Getting Started With Orange Tool
Orange is an open source, component-based software written in Python language that works best for machine learning and data mining — namely, visualization. These components are called widgets and they range from visualization to pre-processing, evaluation and predictive modeling.
Orange allows you to:
– Show a data table and select features
– Read the data
– Compare learning algorithms and train predictors
– Visualize data elements
Orange tool consists of various items to be used for the machine learning and data science.
- Canvas : Provides UI for data analysis.

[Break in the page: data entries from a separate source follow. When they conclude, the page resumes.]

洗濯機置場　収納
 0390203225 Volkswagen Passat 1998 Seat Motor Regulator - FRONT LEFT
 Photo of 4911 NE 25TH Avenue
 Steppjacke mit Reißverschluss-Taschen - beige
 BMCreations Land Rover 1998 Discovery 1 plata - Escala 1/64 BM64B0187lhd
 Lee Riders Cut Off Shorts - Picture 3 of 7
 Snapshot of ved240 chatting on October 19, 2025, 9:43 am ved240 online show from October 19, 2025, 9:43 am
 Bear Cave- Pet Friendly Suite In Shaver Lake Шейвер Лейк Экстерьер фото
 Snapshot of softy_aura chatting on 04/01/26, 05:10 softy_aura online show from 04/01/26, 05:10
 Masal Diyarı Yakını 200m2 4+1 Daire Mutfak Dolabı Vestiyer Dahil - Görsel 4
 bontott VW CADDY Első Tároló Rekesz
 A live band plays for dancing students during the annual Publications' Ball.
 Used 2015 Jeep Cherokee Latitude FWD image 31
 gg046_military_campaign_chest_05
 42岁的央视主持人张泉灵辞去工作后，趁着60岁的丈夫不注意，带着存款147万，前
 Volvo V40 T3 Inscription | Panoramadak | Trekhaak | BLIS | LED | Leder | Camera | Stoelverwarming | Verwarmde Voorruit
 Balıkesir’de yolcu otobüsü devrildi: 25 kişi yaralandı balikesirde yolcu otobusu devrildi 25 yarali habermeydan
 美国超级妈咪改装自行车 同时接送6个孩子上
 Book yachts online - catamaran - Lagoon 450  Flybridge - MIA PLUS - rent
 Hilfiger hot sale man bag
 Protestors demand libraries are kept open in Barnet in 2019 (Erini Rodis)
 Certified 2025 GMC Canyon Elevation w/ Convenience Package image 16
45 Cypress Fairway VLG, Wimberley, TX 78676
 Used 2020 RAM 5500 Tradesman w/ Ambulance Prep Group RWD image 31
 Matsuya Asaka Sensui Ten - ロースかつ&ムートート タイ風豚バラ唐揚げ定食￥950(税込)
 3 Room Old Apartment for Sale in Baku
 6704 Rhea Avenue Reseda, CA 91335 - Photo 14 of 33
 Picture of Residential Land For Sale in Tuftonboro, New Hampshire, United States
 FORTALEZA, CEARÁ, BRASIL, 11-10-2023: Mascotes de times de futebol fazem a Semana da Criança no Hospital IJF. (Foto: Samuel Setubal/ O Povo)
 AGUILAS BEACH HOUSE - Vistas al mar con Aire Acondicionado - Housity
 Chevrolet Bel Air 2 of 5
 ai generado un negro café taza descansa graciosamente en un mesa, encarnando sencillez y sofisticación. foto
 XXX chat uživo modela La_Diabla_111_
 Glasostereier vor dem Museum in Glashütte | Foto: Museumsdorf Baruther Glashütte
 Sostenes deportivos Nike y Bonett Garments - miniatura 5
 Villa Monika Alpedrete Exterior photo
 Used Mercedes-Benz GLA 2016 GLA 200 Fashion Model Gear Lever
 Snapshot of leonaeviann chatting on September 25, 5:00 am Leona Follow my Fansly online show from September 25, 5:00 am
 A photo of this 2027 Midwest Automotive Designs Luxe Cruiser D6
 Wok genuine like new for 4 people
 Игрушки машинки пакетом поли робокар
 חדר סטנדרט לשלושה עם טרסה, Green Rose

- Widget : Used to use the various items such as data, visualize or any machine learning modal.
Use of Orange Tool:
Firstly, we open the Orange tool and create a simple workflow as shown in image below with various widgets such as File, Data info, Data table, scatter plot and Distributions. Once creating we connect them using the common connectors to the file.
Next, Here we have selected housing dataset which consists of 4 attributes and 150 features. The dataset is used for the regression based machine learning models.
We can observe the information related to dataset on double clicking on Data info widget.
We can observe the whole dataset with variable labels and Instance classes inside the data table widget.
We can use the scatter plot widget to visualize and compare 2 features. The below scatter plot is plotted for LSTAT and RM.
Data distribution widget is a graphical visualization of features normally a Bar graph by clicking on distribution widget. We can observe Frequency distribution of each Attribute individually. Distribution of sepal width variable is shown in below figure
Generally we can also import dataset from webpage or GitHub link. Below image shows by going into URL section inside Files Widget we can paste any dataset link from web to use it for visualization
In this blog, we have discussed the basics of Orange tool with a simple visualization.